A new study led by the University of California, Riverside (UCR) has demonstrated through simulations that multiple small quantum chips can be linked together into a single functioning system even when the connections between them are noisy. The research, published in Physical Review A and led by Mohamed A. Shalby, suggests a path for building larger, fault-tolerant quantum computers.
The team’s simulations found that a quantum system could still detect and correct errors even when inter-chip links were up to 10 times noisier than the chips themselves. The research used the surface code, a common quantum error correction method, and simulated thousands of modular designs to test three boundary connection strategies: a noisy direct link (DL), a CAT-state gadget, and a gate teleportation gadget. This indicates that a fault-tolerant modular quantum computer may not require perfect connections to scale. The study was an international collaboration with the University of Stuttgart in Germany and drew inspiration from work at MIT, utilizing tools from Google Quantum AI.

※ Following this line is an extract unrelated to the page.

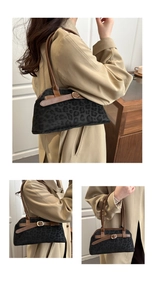 Detail of vintage dark leopard print underarm bag with leather strap and gold buckle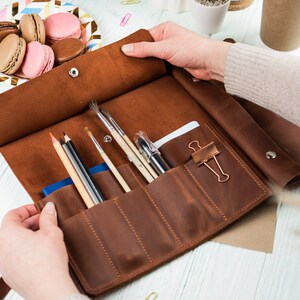 Puede incluir: Un estuche enrollable de cuero marr&oacute;n con m&uacute;ltiples ranuras para guardar art&iacute;culos de arte, como l&aacute;pices, bol&iacute;grafos y pinceles. El estuche est&aacute; abierto y las ranuras son visibles.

This research addresses a key challenge in scaling quantum processors by providing a method for building reliable systems using current hardware. The finding highlights the importance of fault tolerance for qubits to be useful, suggesting a path to scale up processors without waiting for ideal hardware. The study provides a pathway for the quantum computing community to build larger, more reliable quantum computers, which could accelerate the arrival of practical applications.